Refrigerant P-T & Superheat Calculator HVAC

Saturation pressure-temperature lookup and a superheat / subcooling check.
P-T tab: pick a refrigerant, enter a gauge pressure, read the saturation temperature — bubble and dew both, so blend glide is in plain sight. Superheat / Subcooling tab: enter the pressure and the measured line temperature, get the result and a sanity check. Built to be more correct than the pocket card — the glide blends are handled, not averaged.

Inputs are seeded with an example — edit them to your numbers.

Look up by
Enter a pressure to read the saturation temperature.
Bubble point (sat. liquid)
Dew point (sat. vapor)
Glide (dew − bubble)

An R-410A system, suction gauge reading 118 psig at the evaporator outlet.

  1. Pick the refrigerant and enter the gauge pressure. The tool reads the saturation temperature off that refrigerant's published P-T curve, interpolating between rows the way you would between lines on the paper chart.
  2. A pure refrigerant (R-22, R-134a) has one saturation temperature at each pressure. A zeotropic blend has two: the bubble point (where the liquid is fully saturated) and the dew point (where the vapor is). The gap between them is the glide.
  3. Which one you want depends on what you're measuring. Superheat is referenced to the dew temperature; subcooling to the bubble temperature. R-407C glide runs ~10 °F — average the two and every superheat reading is off by ~5 °F.
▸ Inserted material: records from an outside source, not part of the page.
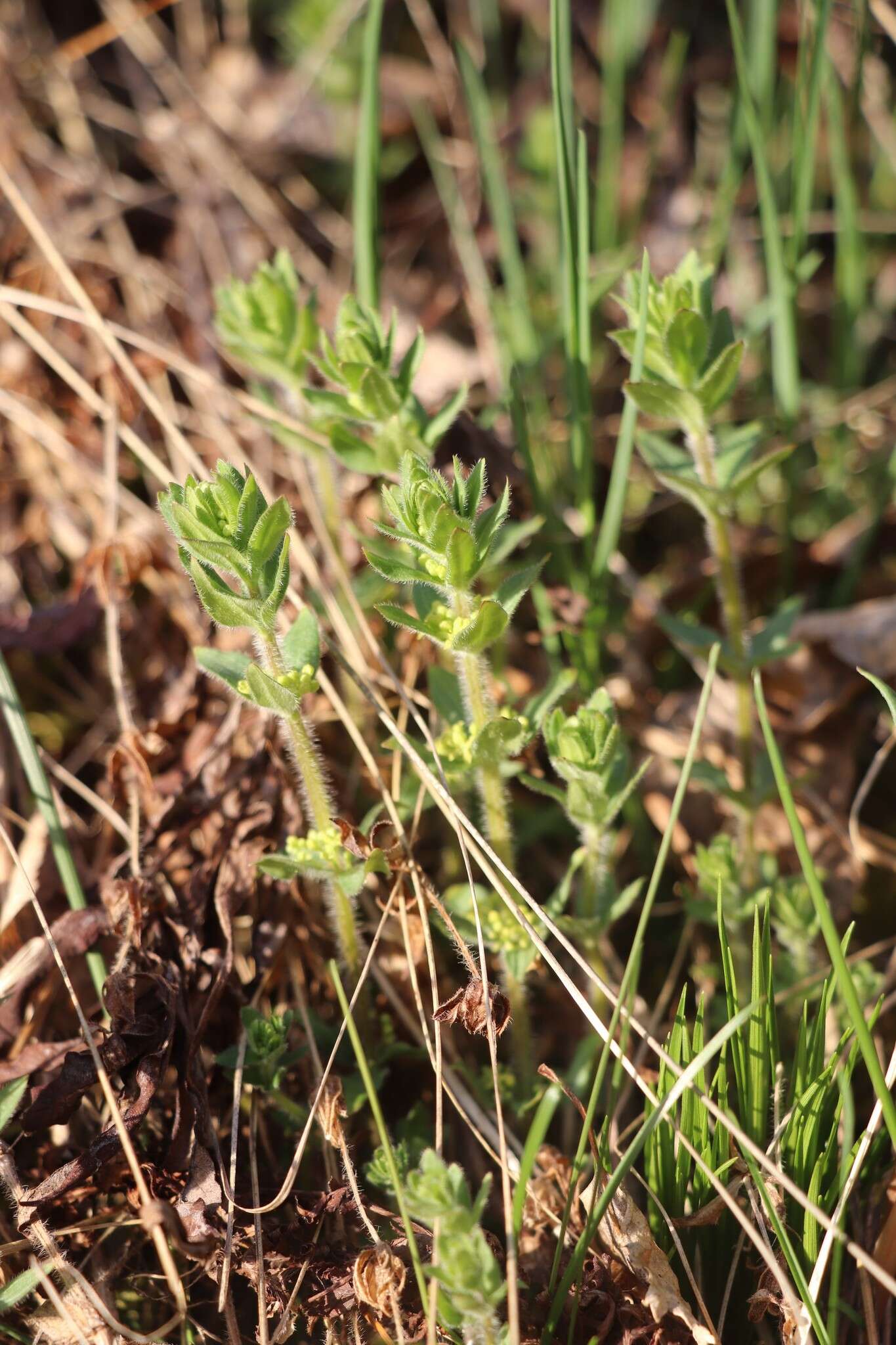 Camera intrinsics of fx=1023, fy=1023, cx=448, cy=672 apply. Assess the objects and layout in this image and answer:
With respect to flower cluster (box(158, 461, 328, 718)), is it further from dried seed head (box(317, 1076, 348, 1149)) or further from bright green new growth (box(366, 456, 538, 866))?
dried seed head (box(317, 1076, 348, 1149))

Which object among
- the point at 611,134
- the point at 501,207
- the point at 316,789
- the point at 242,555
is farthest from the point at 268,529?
the point at 611,134

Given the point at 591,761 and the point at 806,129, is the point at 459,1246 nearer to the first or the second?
the point at 591,761

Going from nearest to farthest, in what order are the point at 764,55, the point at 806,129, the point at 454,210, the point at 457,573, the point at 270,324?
1. the point at 457,573
2. the point at 270,324
3. the point at 806,129
4. the point at 764,55
5. the point at 454,210

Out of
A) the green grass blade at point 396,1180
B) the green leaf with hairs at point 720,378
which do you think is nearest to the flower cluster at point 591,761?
the green grass blade at point 396,1180

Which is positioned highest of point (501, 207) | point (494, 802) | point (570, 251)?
point (501, 207)

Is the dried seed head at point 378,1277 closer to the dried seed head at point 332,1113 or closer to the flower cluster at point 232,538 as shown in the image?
the dried seed head at point 332,1113

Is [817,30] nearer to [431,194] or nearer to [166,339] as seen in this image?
[431,194]

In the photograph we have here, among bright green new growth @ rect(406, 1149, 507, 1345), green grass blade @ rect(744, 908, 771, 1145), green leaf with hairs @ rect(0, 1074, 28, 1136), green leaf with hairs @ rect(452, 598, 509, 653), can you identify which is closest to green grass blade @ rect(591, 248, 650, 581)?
green leaf with hairs @ rect(452, 598, 509, 653) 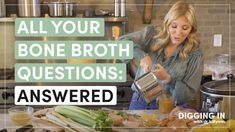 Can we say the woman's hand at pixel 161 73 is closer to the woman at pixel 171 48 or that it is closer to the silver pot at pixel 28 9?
the woman at pixel 171 48

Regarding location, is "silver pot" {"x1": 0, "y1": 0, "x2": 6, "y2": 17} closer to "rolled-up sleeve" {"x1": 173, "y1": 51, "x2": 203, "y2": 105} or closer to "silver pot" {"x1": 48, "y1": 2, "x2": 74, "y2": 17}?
"silver pot" {"x1": 48, "y1": 2, "x2": 74, "y2": 17}

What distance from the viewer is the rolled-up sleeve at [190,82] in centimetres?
97

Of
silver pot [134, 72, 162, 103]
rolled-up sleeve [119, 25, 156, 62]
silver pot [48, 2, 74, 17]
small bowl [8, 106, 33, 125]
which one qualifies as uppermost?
silver pot [48, 2, 74, 17]

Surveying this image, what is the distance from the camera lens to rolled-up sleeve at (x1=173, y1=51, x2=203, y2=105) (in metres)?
0.97

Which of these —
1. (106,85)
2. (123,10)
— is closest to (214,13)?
(123,10)

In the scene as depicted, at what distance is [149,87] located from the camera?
3.18 ft

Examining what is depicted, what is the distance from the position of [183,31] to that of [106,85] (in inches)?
10.6

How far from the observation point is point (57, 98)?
97 centimetres

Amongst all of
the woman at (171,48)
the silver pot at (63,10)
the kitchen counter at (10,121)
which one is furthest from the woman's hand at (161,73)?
the silver pot at (63,10)

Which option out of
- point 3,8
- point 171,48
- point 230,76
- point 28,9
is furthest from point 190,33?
point 3,8

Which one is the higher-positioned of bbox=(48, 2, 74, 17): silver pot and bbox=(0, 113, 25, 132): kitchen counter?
bbox=(48, 2, 74, 17): silver pot

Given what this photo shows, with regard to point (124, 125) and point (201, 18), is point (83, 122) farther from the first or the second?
point (201, 18)

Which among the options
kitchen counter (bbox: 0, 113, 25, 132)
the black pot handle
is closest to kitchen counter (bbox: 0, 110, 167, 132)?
kitchen counter (bbox: 0, 113, 25, 132)

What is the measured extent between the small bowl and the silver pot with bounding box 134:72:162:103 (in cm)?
32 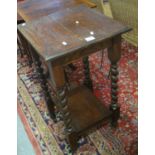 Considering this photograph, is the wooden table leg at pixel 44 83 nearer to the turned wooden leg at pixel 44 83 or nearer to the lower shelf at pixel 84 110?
the turned wooden leg at pixel 44 83

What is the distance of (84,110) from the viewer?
152 centimetres

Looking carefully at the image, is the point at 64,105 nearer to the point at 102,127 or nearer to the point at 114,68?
the point at 114,68

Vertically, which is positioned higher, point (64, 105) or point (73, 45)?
point (73, 45)

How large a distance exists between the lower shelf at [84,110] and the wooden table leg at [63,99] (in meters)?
0.06

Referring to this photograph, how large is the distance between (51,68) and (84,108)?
625 millimetres

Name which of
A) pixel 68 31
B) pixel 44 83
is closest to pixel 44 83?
pixel 44 83

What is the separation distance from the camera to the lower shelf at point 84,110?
141cm

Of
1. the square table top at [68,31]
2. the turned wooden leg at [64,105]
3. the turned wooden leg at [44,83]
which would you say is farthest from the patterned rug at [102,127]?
the square table top at [68,31]

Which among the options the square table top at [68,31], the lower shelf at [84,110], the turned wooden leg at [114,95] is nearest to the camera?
the square table top at [68,31]

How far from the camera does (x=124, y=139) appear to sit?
1452 mm

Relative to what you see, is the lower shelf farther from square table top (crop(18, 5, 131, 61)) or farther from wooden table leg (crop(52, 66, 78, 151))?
square table top (crop(18, 5, 131, 61))

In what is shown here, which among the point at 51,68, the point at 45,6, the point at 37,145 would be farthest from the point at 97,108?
the point at 45,6

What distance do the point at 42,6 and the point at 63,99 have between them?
3.29ft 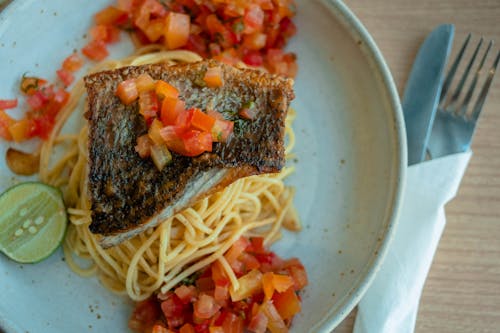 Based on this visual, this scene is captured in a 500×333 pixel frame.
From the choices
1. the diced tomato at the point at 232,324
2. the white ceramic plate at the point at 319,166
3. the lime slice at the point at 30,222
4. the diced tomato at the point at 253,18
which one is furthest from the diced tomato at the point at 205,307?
the diced tomato at the point at 253,18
Pressures are gauge (psig / kPag), as read at the manifold. Switch the Superheat / Subcooling tab to turn a line temperature into an actual superheat or subcooling value.

Line

Suction line: read the pressure and a clamp-on temperature at the evaporator outlet. The tool references the dew point.

The reference flips with the line: superheat is line − dew (vapor side); subcooling is bubble − line (liquid side). Same gauge, the subtraction reverses.

Enter a pressure and a line temperature.
Dew point at this pressure
Superheat

Same R-410A system: suction 118 psig, a clamp-on thermometer on the suction line reading 50 °F.

  1. Superheat (suction line): the tool finds the dew-point temperature at the suction pressure, then superheat = line temp − dew temp. Here ~118 psig gives a ~40 °F dew point, so superheat ≈ 50 − 40 = 10 °F of vapor warmer than saturation.
  2. Subcooling (liquid line): the tool finds the bubble-point temperature at the liquid pressure, then subcooling = bubble temp − line temp — liquid cooler than saturation.
  3. Low superheat warns of liquid floodback to the compressor; high superheat of a starved evaporator. Low subcooling points to undercharge or a liquid-line restriction. The target numbers are system-specific — a TXV (thermostatic expansion valve) holds a different superheat than a fixed orifice — so treat the verdict as a direction, not a setpoint.

This is the same procedure printed on a manufacturer P-T chart: superheat off the dew column, subcooling off the bubble column.

About this data

The pressure-temperature tables are transcribed from published manufacturer P-T charts — Honeywell's Genetron / Solstice charts for R-22, R-134a, R-407C, R-404A and R-454B, and an iGas chart for R-410A. The tool interpolates linearly between chart rows, the same move a tech makes reading between lines on the paper card. R-32 and other refrigerants will be added as charts for them are sourced.

Bubble vs. dew. A pure refrigerant boils at one temperature for a given pressure. A zeotropic blend — R-407C most of all — boils across a range: the bubble point is where the last liquid would boil off, the dew point where the last vapor would condense. Superheat is measured against the dew point, subcooling against the bubble point. A single-column P-T card averages the two and is quietly wrong on every glide blend.

Pressures are gauge (psig / kPag), as read at the manifold — not absolute. Target superheat and subcooling depend on the system — metering device, equipment manufacturer, operating conditions. This tool gives you the measured value and a general direction; the equipment data always wins over a rule of thumb.

And a number here is a cross-check, not a charging procedure. Use it to test a theory against gauge readings, to learn the relationships, and as a second opinion on a diagnosis — then let the manufacturer’s charging chart and commissioning data make the call. Acting on a single lookup is how a misread glide becomes a mischarge, and a mischarge is how liquid finds its way back to a compressor.